Description from the publisher:

This book arises out of a concern felt by many intellectuals in the present world predicament. If we accept that the course of history is to a large extent determined by economic and material factors, what role is left for the intellectual, whose concern is with ideas? By studying the struggle and achievement of one of the greatest of Muslim intellectuals, the author attempts to provide an answer.

Preface :

The difficulty of writing about al-Ghazali, may Allah be pleased with him, is well illustrated by the various comments and criticisms that have been made of the works by Julius Obermann, A. J. Wensinck, Margaret Smith and Farid Jabre. The difficulty is due to the great volume of his writings, to the fact that books were ascribed to him that were definitely not by him, and to the changes in his outlook which occurred during the course of his life. When the growth and development of his outlook is combined with the lack of complete agreement about which works are unauthentic, scholars are presented with some peculiarly intractable problems before they can properly begin the study of al-Ghazali's thought. Yet the subject is one that is well worth attempting. Imam al-Ghazali has been acclaimed (by some) as the greatest Muslim after Prophet Muh?ammad, May Allah bless him and grant him peace, and is certainly one of the greatest. His outlook, too, is closer than that of many Muslims to the outlook of modern Europe and America, so that he is more easily comprehensible to us. Thus there is here a great challenge to scholarship.

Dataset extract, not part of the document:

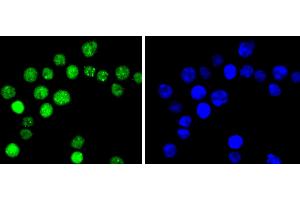 SW480 cells were stained with Cyclin E1(T77) (4G10 ) Monoclonal Antibody  at [1:200] incubated overnight at 4C, followed by secondary antibody incubation, DAPI staining of the nuclei and detection. (Cyclin E1 antibody  (pThr77))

The present study of the struggle and achievement of al-Ghazali does not attempt to take up that challenge in its entirety, but only to look at his life and thought as a whole within the context of the times in which he lived. I have tried to write in such a way that the book could be read by general sociologists as well as by students of Islam, but this means that Islamists will find an undue neglect of detail. In defence I would make the plea that it is necessary to look at the picture as a whole before we can see at what points further detailed study is needed.

The general standpoint from which I write is that of the sociology of knowledge -- a discipline which, though still in its infancy, is characteristic of our age and an expression of its spirit. Since practically nothing has been written about the Islamic world from this standpoint, I have found it necessary to re-examine and reassess much of the previous history of Islamic thought.

This re-assessment had largely been made, and the relevant sections of this book written, before I began Islamic Philosophy and Theology. ---W Montgomery Watt

About the Author: W. Montgomery Watt, now retired, is a scholar who has himself done detailed work at various points in the field and thereby gains a certain authority and is likely to be widely quoted by students of Islam.